↑burnup ⇒ ↓keff = ↓η .ε.p. ↓f . ↑↓Pf. ↑↓Pt
It is hard to describe the effects of fuel burnup on the six factor formula. It must be noted, the criticality must be maintained for long period and therefore all the negative effects must be compensated by the increase in the thermal utilization factor (boron dilution or compensating rods withdrawal).
Thermal Utilization Factor
The thermal utilization factor slightly changes with the fuel burnup. The fresh fuel at the beginning of the cycle comprises only the absorption by the 235U. As the amount of 239Pu and other higher transuranic elements increases because of the radiative capture of neutron by the 238U in the core, it is necessary to consider the change of fuel composition in determining the value of f at different times of the fuel cycle.
In general, the thermal utilization factor decreases in time as the total content of fissile isotopes decreases and the total content of neutron poisons (fission products with high absorption cross-sections) increases. But in the power reactors, in which the criticality must be maintained for long period (e.g. 12-month or up to 24-month) without refueling, the thermal utilization factor may not decrease. Such the decrease would imply inevitable reactor shutdown. The continuous decrease in ΣaU must be offset by the continuous decrease in ΣaB, which means the concentration of boric acid (in case of PWRs) must be continuously decreased as the fuel loses its reactivity (kinf). For reactors, in which the chemical shim can not be used, the excess of reactivity is compensated by compensating rods.
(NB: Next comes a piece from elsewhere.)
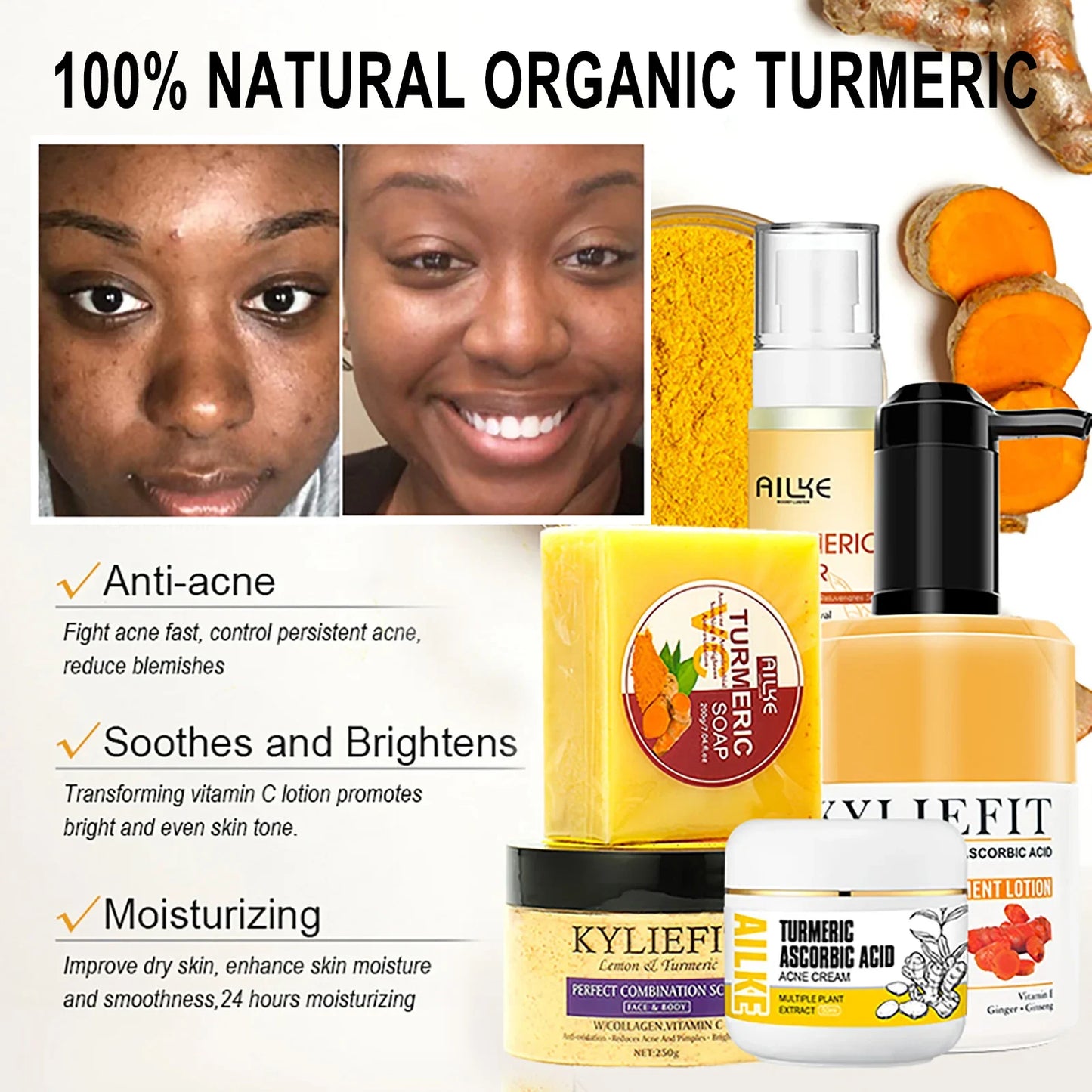 AILKE Organic Turmeric Skin Care Set for Acne and Tone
There is essentially small change in η over the lifetime of the reactor core (decreases).This is due to the fact there is a continuous decrease in ΣfU, but on the other hand this decrease is partially offset by the increase in ΣfPu. As the fuel burnup increases, the 239Pu begins to contribute to the neutron economy of the core.
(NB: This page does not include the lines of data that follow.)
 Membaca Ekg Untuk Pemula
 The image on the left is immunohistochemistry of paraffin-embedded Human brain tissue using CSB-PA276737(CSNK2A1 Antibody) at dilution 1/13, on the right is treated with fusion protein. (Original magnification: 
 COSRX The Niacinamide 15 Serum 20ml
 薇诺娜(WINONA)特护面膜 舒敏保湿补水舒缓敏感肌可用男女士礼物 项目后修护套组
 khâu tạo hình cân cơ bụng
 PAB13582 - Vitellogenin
See also: Nuclear Breeding
In power reactors, the total non-leakage probability also significantly changes with fuel burnup. This dependency is not associated with any of the parameters like the diffusion coefficient or the geometrical buckling. In power reactors, the total non-leakage probability strongly depends on the certain fuel loading pattern and also on the reload strategy. The neutron leakage is one of key parameters in the neutron and fuel economy.
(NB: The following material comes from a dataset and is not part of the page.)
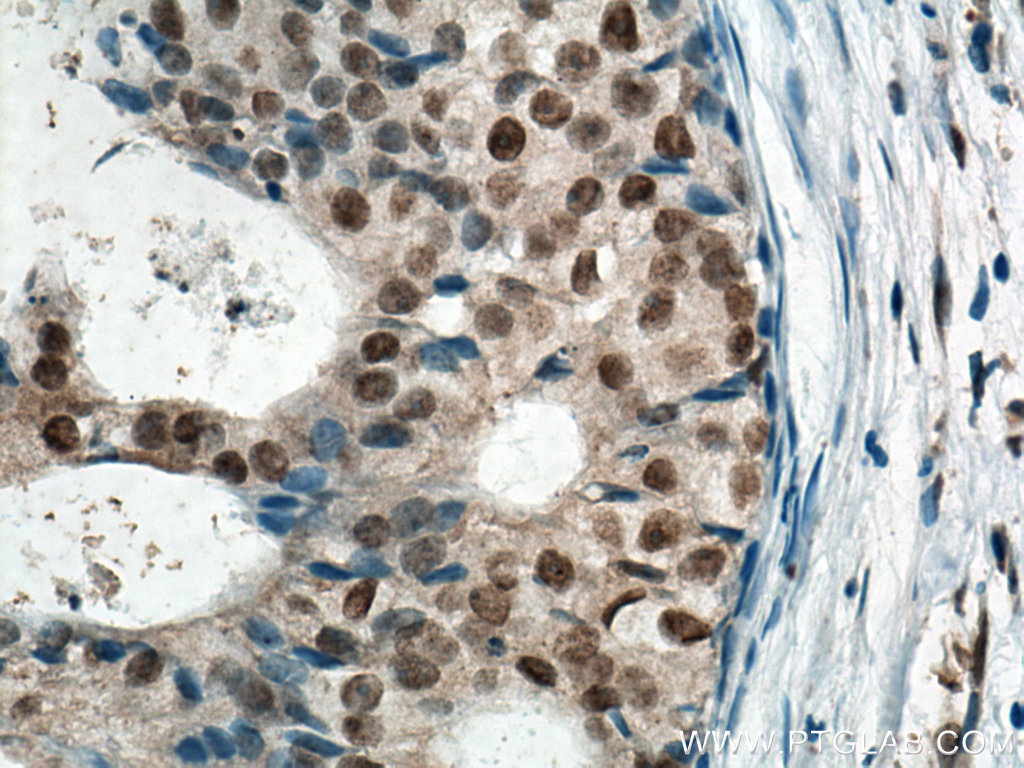 MDM2 Monoclonal antibody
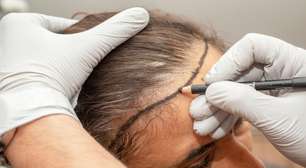 Minoxidil x Transplante Capilar: qual é a solução mais eficaz contra a calvície?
In order to enhance the neutron and fuel economy, core designers designs the low leakage loading patterns, in which fresh fuel assemblies are not situated in the peripheral positions of the reactor core. The peripheral positions are loaded with the fuel with highest fuel burnup. These “high” burnup assemblies have inherently lower relative power (due to the lower kinf and due to the fact they feel the presence of non-multiplying environment) in comparison with the average assemblies. In short, this parameter is significantly dependent on the certain loading pattern. During fuel burnup, the neutron leakage usually increases, especially in low leakage loading patterns. This process is caused by reducing the differences in kinf between fresh fuel assemblies and peripheral high-burnup assemblies.